◆ TASK BRIEF
Retype all entries exactly, skipping pictures.

◆ RECORDS FOR THE EXERCISE

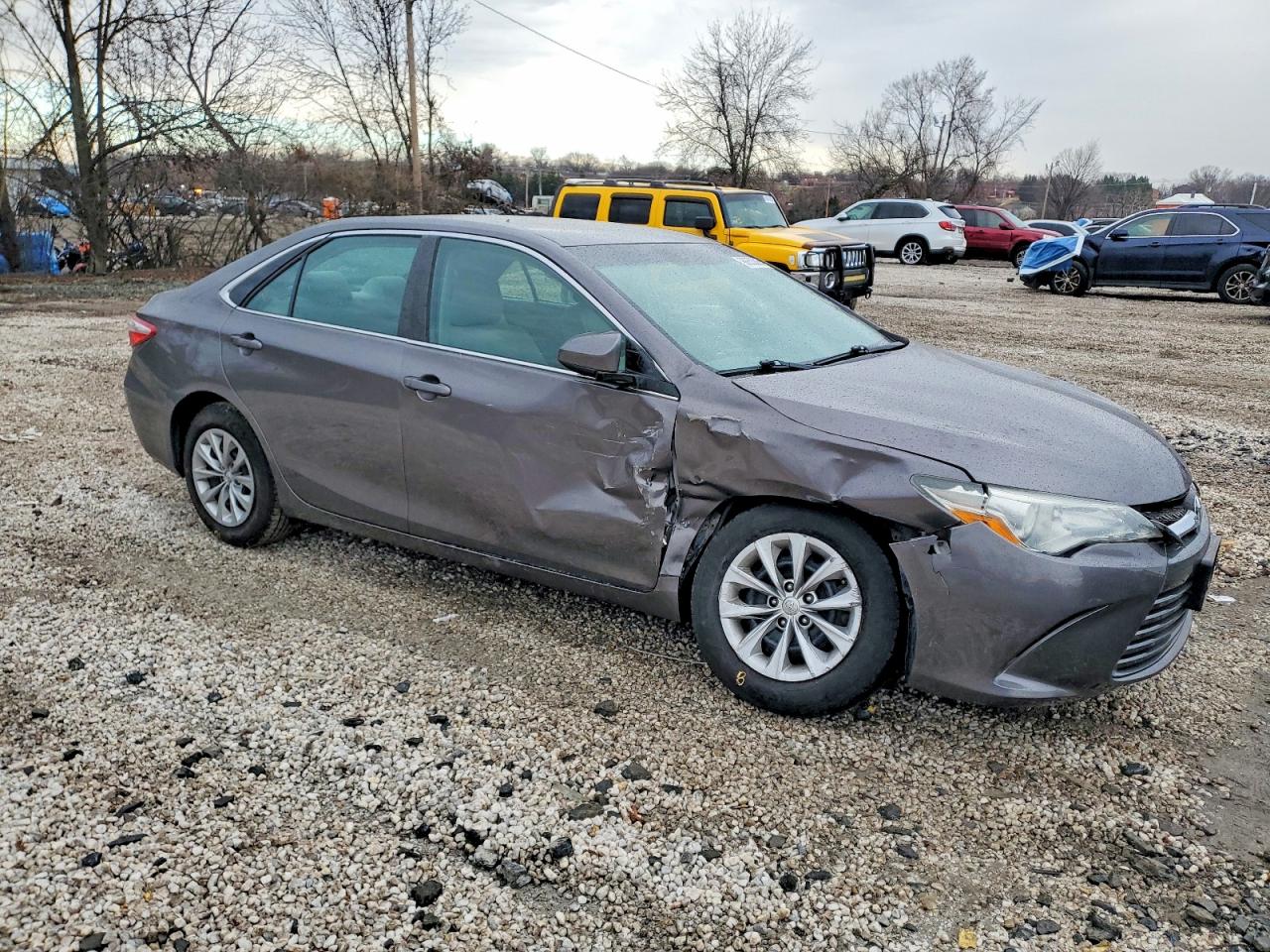 2016 TOYOTA CAMRY LE photo 4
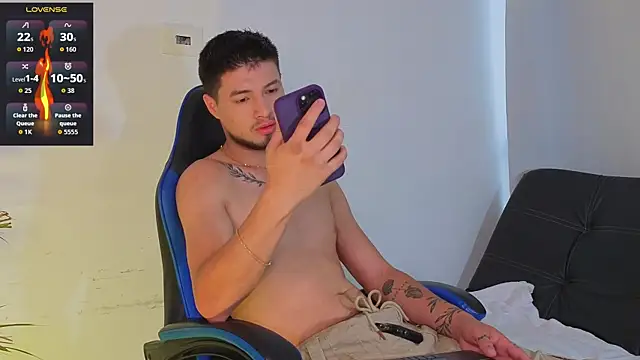 EdwardRoss  online show from April 7, 2026, 10:22 pm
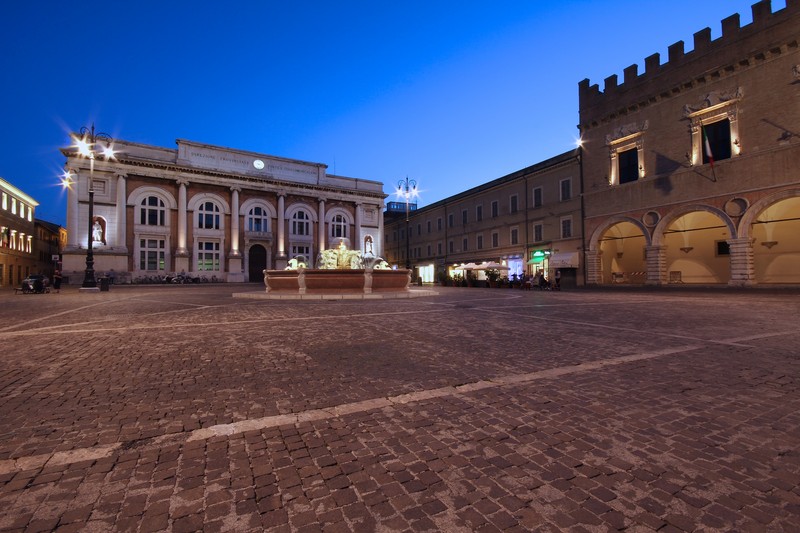 ''Affascinante ora blu'' - Pesaro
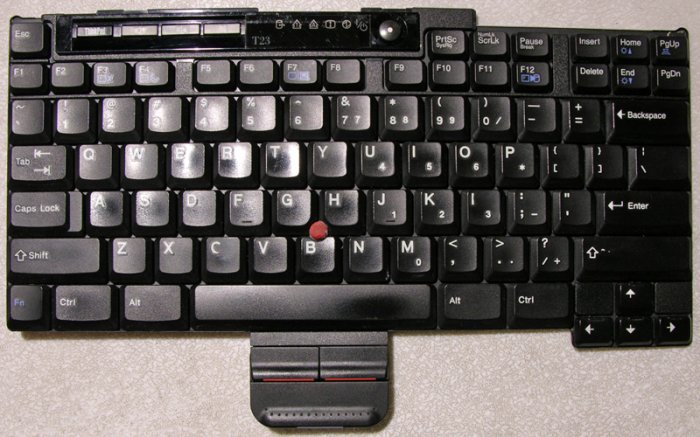 IBM THINKPAD T20 T21 T22 T23 KEYBOARD 02K5545 / 02K5729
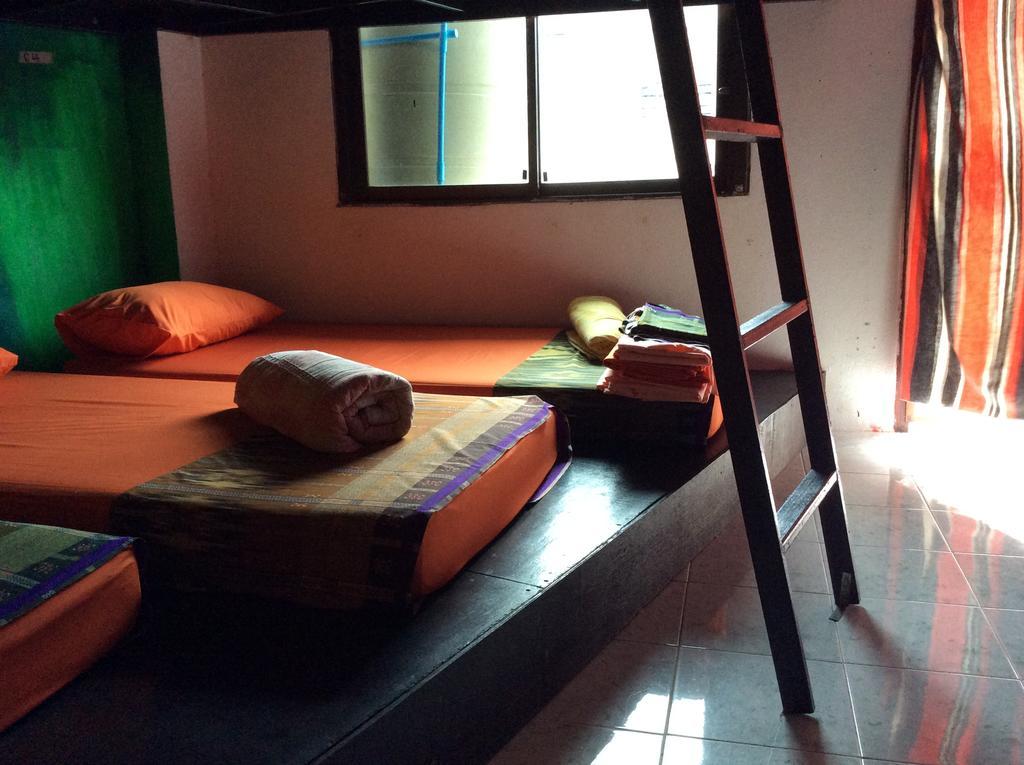 Maddy'S Hostel Ko Pha Ngan Exterior photo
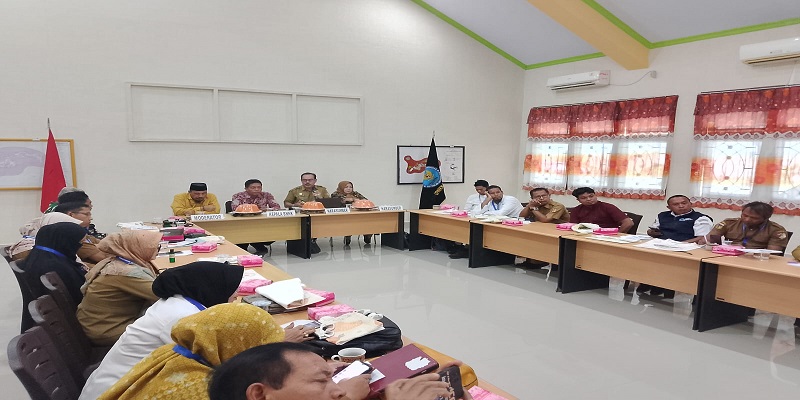 Pj Sekda Tojo Una-Una Alfian Matajeng saat menyampaikan materi dalam Rapat Koordinasi Pengembangan dan Pembinaan Kota/Kabupaten Tanggap Ancaman Narkoba tahun 2025 pada Selasa (8 Juli 2025).
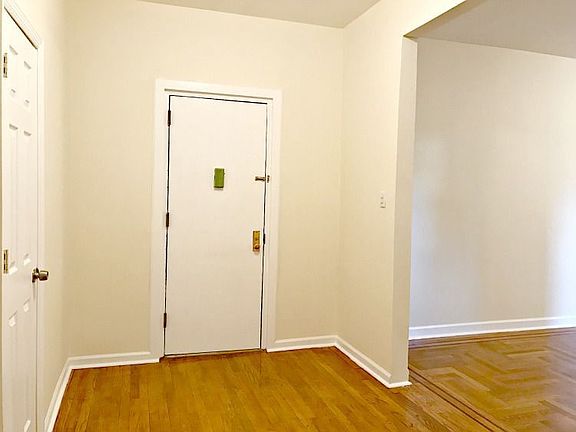 3rd image of 486 Brooklyn Ave APT 1E
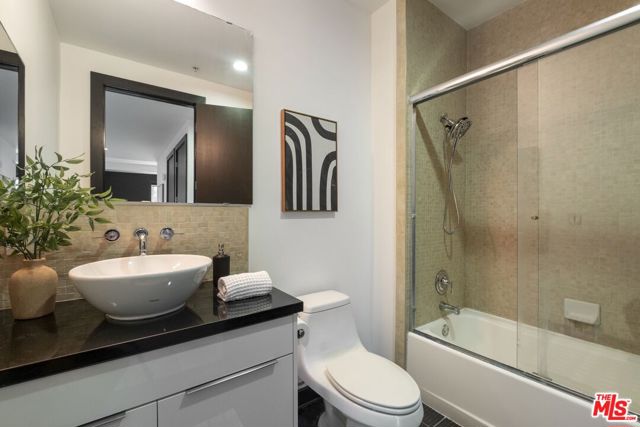 655 S Hope Street, Los Angeles CA: https://media.crmls.org/mediaz/369e810d-e556-482c-9253-1989f2a56fdd.jpg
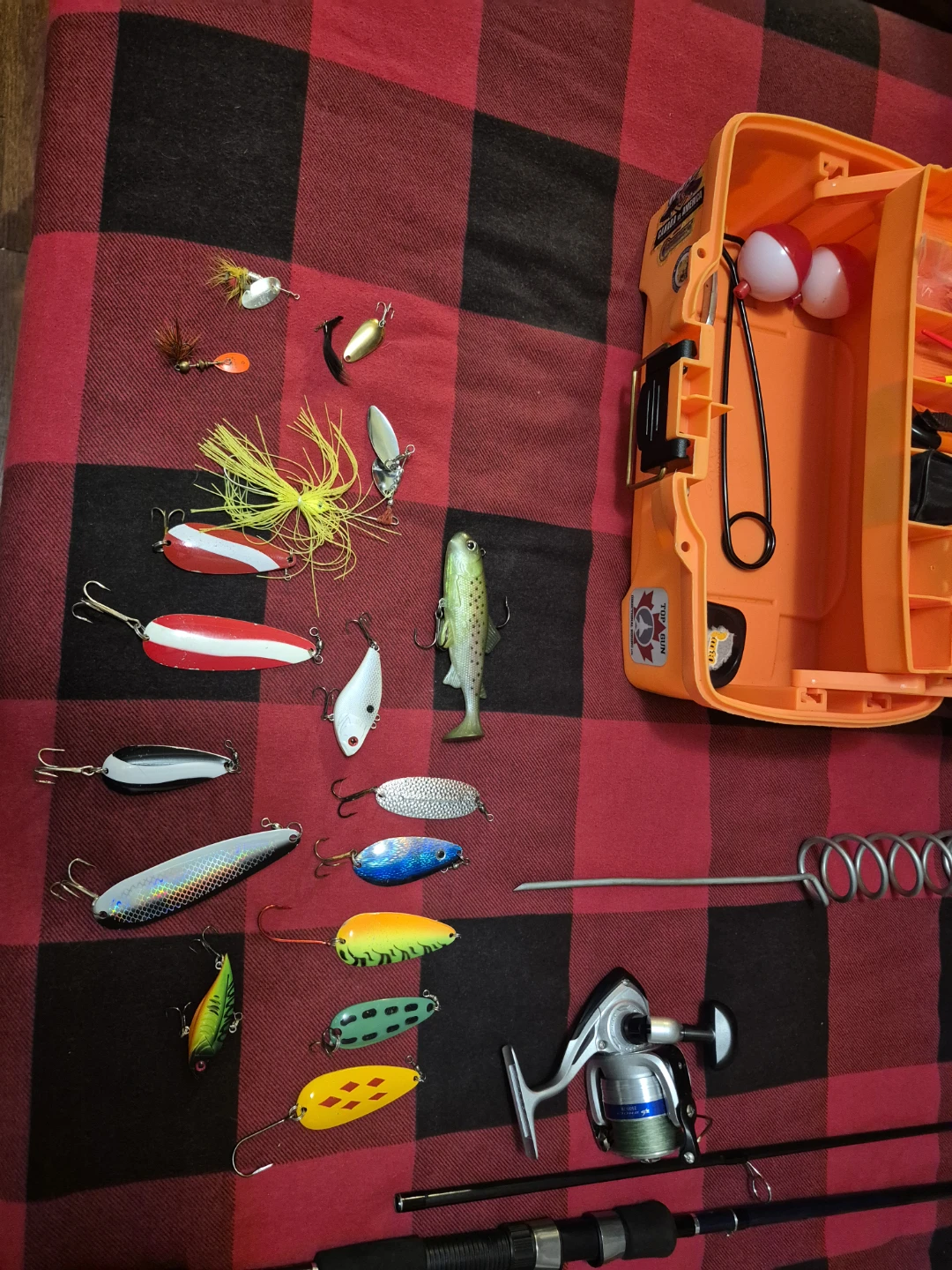 Fishing Gear Bundle with Tackle Box - photo 2
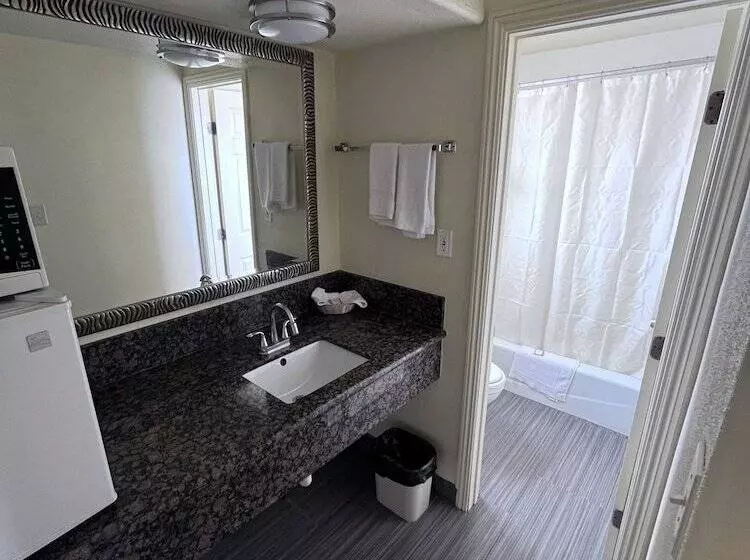 مُتل Economy Inn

◆ SOLUTION FOR THIS PROBLEM
 2016 TOYOTA CAMRY LE photo 4
 EdwardRoss  online show from April 7, 2026, 10:22 pm
 ''Affascinante ora blu'' - Pesaro
 IBM THINKPAD T20 T21 T22 T23 KEYBOARD 02K5545 / 02K5729
 Maddy'S Hostel Ko Pha Ngan Exterior photo
 Pj Sekda Tojo Una-Una Alfian Matajeng saat menyampaikan materi dalam Rapat Koordinasi Pengembangan dan Pembinaan Kota/Kabupaten Tanggap Ancaman Narkoba tahun 2025 pada Selasa (8 Juli 2025).
 3rd image of 486 Brooklyn Ave APT 1E
 655 S Hope Street, Los Angeles CA: https://media.crmls.org/mediaz/369e810d-e556-482c-9253-1989f2a56fdd.jpg
 Fishing Gear Bundle with Tackle Box - photo 2
 مُتل Economy Inn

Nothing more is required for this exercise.